Better get used to the drastic ups and downs of crypto if you intend to stay in the game for the long run.

1. Understanding the fundamentals

A common mistake made by people looking to get into cryptocurrency is the lack of research and understanding they have for the asset that they're buying.

You see a lot of memes and jokes on the internet on how the person who takes the steady and more cautious approach will lose out to the person who simply "YOLO's" their money in.

But don't let such things sway you towards making a poor decision.

Chances are you're going to be on the wrong side of the move and since you made it based on a meme it's going to feel a lot worse than if you got in based on some underlying understanding of what you're putting your money into.

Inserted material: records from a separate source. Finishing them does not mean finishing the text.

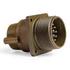 ITT Industries. Conn Circular PIN 17 POS Crimp ST Wall Mount 17 Terminal 1 Port Automotive - CA3100R20-29P-B-F80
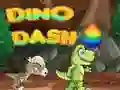Spēle Dino Skrējiens online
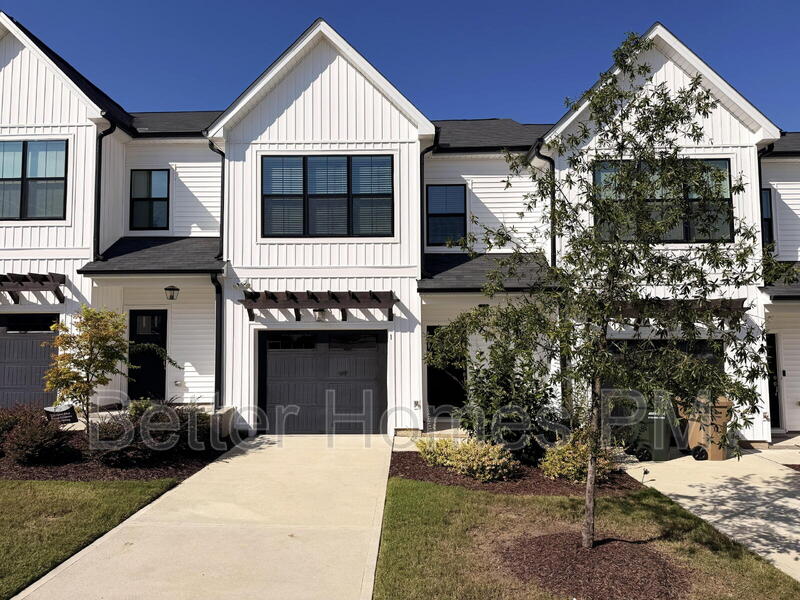 Clayton Townhome: 1 North Lenny Drive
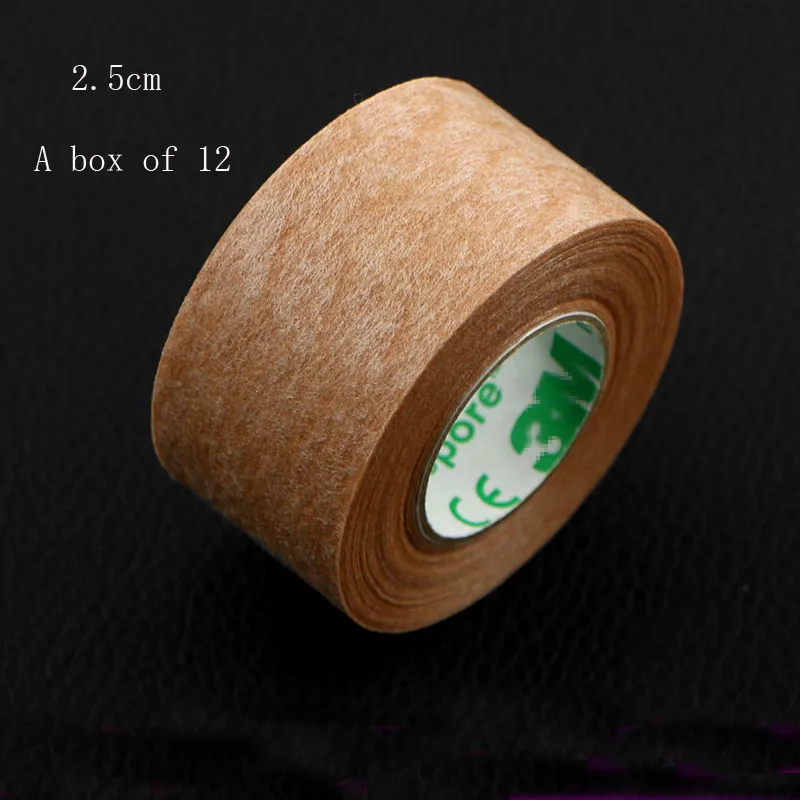 3M Skin color tape Beauty plastic medical tape imported 1533-0 breathable tape anti-allergy adhesive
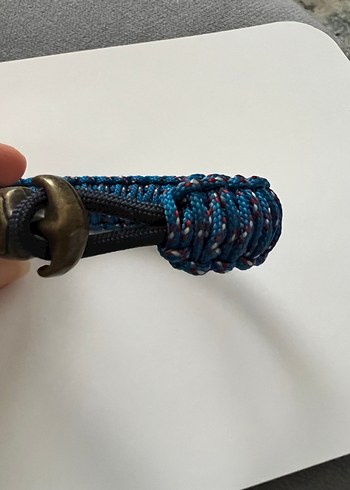 Mavi Bohem Erkek Bileklik - Görsel 5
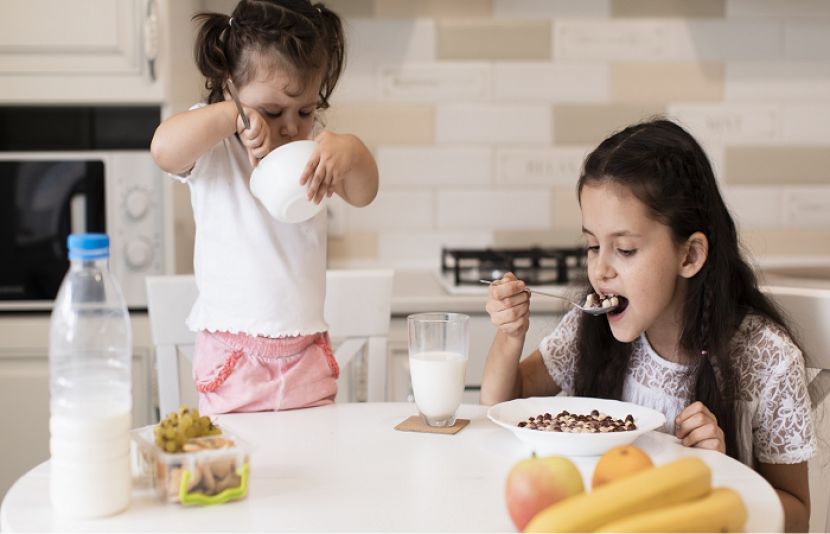 بچوں کے لیے صبح کا ناشتہ کتنا اہم ہے؟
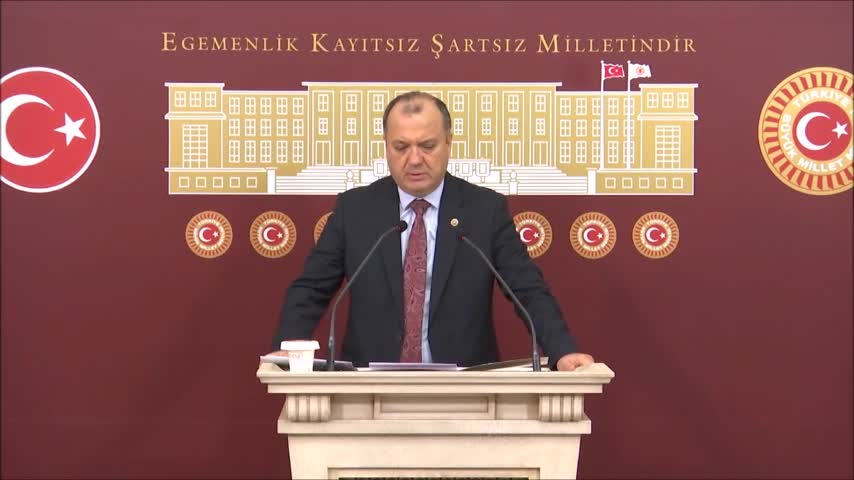 CHP'li Aygun: "Tekirdağ'da bir tane immünoloji ve alerji uzmanı doktor vardı, onun da burnunu kırdılar"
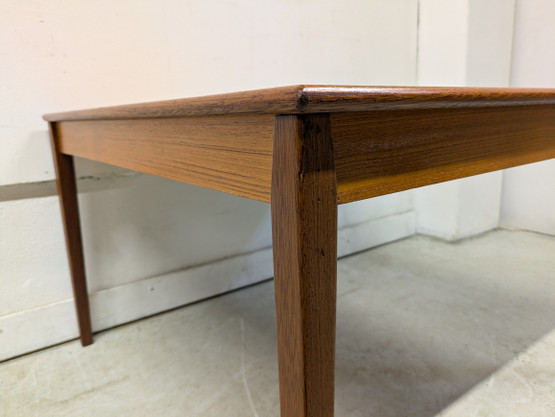 Teak sohvapöytä 60-luku 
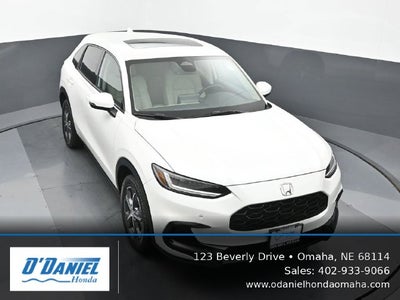 2025 Honda HR-V EX-L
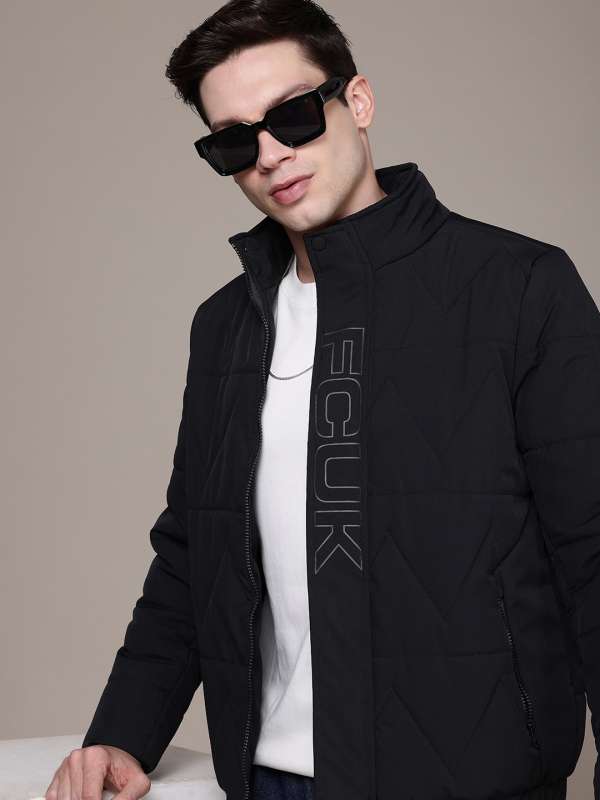 No logo jackets discount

Now let's be real here - there's so many different cryptocurrencies and the space is moving at such a rapid pace that it's going to be difficult to keep up with it all. You don't want to get sucked into an information black hole that actually yields very little value to you.

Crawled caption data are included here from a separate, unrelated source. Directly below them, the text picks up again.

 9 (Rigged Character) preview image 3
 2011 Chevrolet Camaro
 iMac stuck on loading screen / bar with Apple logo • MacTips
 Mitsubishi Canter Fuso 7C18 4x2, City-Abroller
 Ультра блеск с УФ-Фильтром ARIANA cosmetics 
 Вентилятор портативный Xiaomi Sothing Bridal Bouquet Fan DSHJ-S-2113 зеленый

But you should at least know the fundamentals.

Decentralised finance, blockchain, and the double-spend problem are some of the core topics you should at least gain a basic understanding of before you start thinking of risking your money.

And you want to know how the specific cryptocurrency you choose to invest into addresses some of these.

When you have that foundation of understanding you're going to be able to make much clearer decisions on why you're investing into cryptocurrencies, and that's going to help you get through some of the periods where the value of your holdings may become quite suppressed.

2. Less than 5% exposure

This is just a "finger in the air" figure but if you imagine cryptocurrencies being around 20 times more volatile than more traditional investment assets, such as stocks, then it makes sense to adjust your risk and exposure accordingly.

For many people it might be tempting to go "all in" with the hopes that the price will skyrocket in the following week, making you far better off financially than you were before.

But the problem is that this scenario is unlikely to happen.

What's more likely to happen is that you'll either see the price rise somewhat but then fall back down almost as quickly, or do the opposite. Such rollercoaster movements is going to take its toll on you as you start to wonder if you should've gotten out when you had the chance.

Or if you should get out to preserve the money you still have left.

Needless to say this is going to lead to constant worrying over your holdings and eventually you'll mentally exhaust yourself to the point where you can no longer stay in the game.

By taking a more risk adjusted approach and limiting your exposure to something that corresponds with the level of volatility, you're going to be much better positioned to handle the movements.

With a total portfolio of £10,000 you should only have around £500 invested into cryptocurrencies - if following the 5% exposure tip.

A 25% decrease in value of your cryptocurrency holdings would therefore only be a drop of £125.

This is much easier to stomach than a drop of £2,500 had your entire portfolio been invested into cryptocurrencies.

What's more, it's possible that the rest of your portfolio invested into other assets could have risen. If you imagine that raise being 1% then the £95 (1% of the £9,500 not invested into cryptocurrencies) you "gained" would offset the drop, meaning you're only actually down £30 overall.

Suddenly your entire portfolio doesn't seem to be under so much risk anymore, despite holding some highly volatile assets.

3. Don't expect to get rich overnight

The problem with cryptocurrency "news" is that you suddenly hear a lot more about it when the price is rising really quickly.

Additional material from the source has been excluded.